Almond Joy Candy Bars

Almond Joy Candy Bars

Coconut never used to be a familiar word in my vocabulary nor did the fruit itself often find its way into my stomach. As landlocked as one could be, coconuts were as foreign of an idea as palm trees and tropical seas—the subject of many a daydream, but not of an everyday reality. I remember looking over the brown coconut shells in the supermarket, hard beneath my hands, and I was curious how long the coconuts had been sitting on the shelf (I had never witnessed a person purchase one before). A sign overhead asserted that the coconut could be opened best with an ice pick, pointed proof showing how far this little coconut was from home.

As I placed the coconut back on the shelf, I wondered if people in tropical climates carried around ice picks for this specific purpose. The thought struck me as silly, but I could not think of a tool better suited than the one for winter weather.

Almond Joy Candy Bars

Eventually, my curiosity got the best of me and I bought a supermarket coconut of my own. I was skeptical of the coconut, as perhaps I should have been, but willing to keep an open mind. In the hot summer sun, I brought it back to my dorm room where my friends and I stared at it, wondering if we would be able to find an ice pick during this time of year. As we passed it between each other, pondering the usage of butcher knives and sharp rocks, my friend accidentally dropped it on the tile floor. Neatly splitting in two, the coconut water began to puddle around it.

A coconut, it seemed, hardly needed any motivation to open at all.

Almond Joy Candy Bars Almond Joy Candy Bars

We stared at the coconut shell on the floor for a moment or two, in disbelief that the coconut was so fragile.

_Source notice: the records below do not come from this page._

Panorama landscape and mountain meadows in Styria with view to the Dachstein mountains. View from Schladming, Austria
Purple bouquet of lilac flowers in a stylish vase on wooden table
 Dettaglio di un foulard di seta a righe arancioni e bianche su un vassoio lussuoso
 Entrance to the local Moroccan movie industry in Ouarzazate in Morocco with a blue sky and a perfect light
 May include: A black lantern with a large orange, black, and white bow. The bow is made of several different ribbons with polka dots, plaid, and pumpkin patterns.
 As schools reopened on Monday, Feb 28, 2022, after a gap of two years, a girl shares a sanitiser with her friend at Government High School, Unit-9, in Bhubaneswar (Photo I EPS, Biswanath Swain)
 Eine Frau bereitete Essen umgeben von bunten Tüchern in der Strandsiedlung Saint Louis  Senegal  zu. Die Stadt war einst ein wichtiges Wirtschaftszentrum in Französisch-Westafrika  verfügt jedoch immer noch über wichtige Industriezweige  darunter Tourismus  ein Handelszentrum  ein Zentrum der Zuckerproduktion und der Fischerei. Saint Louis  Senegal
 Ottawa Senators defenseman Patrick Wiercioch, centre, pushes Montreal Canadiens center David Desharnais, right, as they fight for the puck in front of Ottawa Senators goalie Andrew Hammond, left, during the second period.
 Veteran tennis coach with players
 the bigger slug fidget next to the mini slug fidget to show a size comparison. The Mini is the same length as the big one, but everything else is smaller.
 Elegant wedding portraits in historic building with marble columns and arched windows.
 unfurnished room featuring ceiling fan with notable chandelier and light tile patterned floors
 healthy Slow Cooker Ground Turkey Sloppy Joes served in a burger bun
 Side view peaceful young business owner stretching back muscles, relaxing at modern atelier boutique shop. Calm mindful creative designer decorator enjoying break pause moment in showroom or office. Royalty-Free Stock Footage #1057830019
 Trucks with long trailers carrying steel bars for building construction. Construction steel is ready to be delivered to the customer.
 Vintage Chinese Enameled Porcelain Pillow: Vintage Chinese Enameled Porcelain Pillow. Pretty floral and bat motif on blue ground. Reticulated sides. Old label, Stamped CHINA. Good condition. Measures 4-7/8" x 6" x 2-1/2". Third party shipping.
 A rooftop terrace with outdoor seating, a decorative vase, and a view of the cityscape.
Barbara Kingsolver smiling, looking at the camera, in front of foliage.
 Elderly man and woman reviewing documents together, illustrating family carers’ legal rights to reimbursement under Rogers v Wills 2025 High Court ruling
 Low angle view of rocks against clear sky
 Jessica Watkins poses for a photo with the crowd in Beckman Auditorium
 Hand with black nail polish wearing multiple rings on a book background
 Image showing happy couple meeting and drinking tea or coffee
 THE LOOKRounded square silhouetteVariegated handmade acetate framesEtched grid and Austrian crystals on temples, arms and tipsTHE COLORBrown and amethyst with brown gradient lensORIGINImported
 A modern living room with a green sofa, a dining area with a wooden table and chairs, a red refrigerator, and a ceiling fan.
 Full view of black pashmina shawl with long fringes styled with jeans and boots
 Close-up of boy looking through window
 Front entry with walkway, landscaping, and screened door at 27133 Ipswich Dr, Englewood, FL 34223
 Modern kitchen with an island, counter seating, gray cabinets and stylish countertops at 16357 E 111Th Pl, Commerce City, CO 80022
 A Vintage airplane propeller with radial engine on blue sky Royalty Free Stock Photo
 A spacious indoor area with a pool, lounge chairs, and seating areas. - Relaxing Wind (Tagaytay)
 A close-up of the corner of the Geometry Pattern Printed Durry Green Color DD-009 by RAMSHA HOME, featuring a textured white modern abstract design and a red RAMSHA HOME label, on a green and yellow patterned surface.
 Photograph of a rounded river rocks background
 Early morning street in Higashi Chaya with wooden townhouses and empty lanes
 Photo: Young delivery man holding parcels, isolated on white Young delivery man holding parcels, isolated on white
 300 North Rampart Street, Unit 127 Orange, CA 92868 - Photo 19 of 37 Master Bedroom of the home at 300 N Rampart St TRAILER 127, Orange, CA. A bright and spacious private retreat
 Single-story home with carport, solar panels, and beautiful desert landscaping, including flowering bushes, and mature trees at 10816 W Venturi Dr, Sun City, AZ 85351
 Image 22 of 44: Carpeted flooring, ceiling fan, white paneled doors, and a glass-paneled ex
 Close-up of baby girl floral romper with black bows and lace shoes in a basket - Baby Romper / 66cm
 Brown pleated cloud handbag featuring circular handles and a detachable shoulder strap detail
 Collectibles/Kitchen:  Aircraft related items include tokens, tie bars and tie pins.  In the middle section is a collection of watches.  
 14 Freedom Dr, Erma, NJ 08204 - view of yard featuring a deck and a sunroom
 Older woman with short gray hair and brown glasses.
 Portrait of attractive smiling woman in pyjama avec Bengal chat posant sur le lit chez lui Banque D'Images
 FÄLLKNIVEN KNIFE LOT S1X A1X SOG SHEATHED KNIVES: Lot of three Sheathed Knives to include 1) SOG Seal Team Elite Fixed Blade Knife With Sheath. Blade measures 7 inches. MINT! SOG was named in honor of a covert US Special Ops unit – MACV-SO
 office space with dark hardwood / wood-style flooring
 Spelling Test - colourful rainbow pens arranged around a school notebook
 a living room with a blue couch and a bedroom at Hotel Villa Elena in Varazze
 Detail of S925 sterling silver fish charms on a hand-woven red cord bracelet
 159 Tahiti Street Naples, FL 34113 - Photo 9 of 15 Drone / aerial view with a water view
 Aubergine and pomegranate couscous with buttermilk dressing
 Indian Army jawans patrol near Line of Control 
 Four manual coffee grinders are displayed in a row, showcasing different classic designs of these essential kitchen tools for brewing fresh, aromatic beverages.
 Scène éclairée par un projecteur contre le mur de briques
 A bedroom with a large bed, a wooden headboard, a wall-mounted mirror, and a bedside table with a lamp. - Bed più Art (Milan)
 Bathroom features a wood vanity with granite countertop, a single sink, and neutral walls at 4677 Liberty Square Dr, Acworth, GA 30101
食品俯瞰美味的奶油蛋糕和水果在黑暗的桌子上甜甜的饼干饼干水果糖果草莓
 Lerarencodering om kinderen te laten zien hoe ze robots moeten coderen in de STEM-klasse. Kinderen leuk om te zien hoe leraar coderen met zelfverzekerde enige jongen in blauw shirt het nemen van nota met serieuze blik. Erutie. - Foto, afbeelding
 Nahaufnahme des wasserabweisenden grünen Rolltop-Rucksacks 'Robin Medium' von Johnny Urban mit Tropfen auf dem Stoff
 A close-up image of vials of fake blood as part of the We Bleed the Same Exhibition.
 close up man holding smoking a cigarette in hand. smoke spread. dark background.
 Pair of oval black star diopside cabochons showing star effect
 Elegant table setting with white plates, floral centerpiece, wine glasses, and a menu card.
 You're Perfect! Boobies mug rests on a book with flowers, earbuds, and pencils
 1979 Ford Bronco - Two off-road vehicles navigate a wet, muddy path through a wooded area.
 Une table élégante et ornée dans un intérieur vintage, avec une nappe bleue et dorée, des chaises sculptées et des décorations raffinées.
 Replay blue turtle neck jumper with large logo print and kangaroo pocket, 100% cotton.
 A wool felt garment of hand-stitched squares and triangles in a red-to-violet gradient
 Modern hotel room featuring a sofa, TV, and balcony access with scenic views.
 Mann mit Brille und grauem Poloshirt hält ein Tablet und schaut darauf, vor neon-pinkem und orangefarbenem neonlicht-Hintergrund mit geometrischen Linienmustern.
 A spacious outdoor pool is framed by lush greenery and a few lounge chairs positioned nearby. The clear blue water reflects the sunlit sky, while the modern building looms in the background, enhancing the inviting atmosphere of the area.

My friend, who had lived in Hawaii the year before, took this as a bad omen. We scooped the supermarket coconut off the tile, trying to salvage as much as possible. The smell was musky and unpleasant. The taste, even worse. A bad coconut, my friend declared, as she cleanly tossed it in a nearby trash can.

Though my introduction to fresh coconut was less than ideal, it was the start of a coconut affair that would only grow and flourish. While fresh coconut may be out of the picture, dried coconut has become a pantry staple.

Almond Joy Candy Bars

Homemade Almond Joy Candy Bars are much healthier and taste just as wonderful as the store-bought version. The coconut center is made with unsweetened shredded coconut, honey, and coconut oil to bind it together. With an almond on top and a chocolate coating, the candy bar is complete. While I placed almonds both inside and on top of the chocolate coating, I would suggest placing the almonds inside the chocolate coating. The almonds placed on top of the chocolate coating have a tendency to fall off during preparation. A no-bake treat, these candy bars can be ready in thirty minutes time.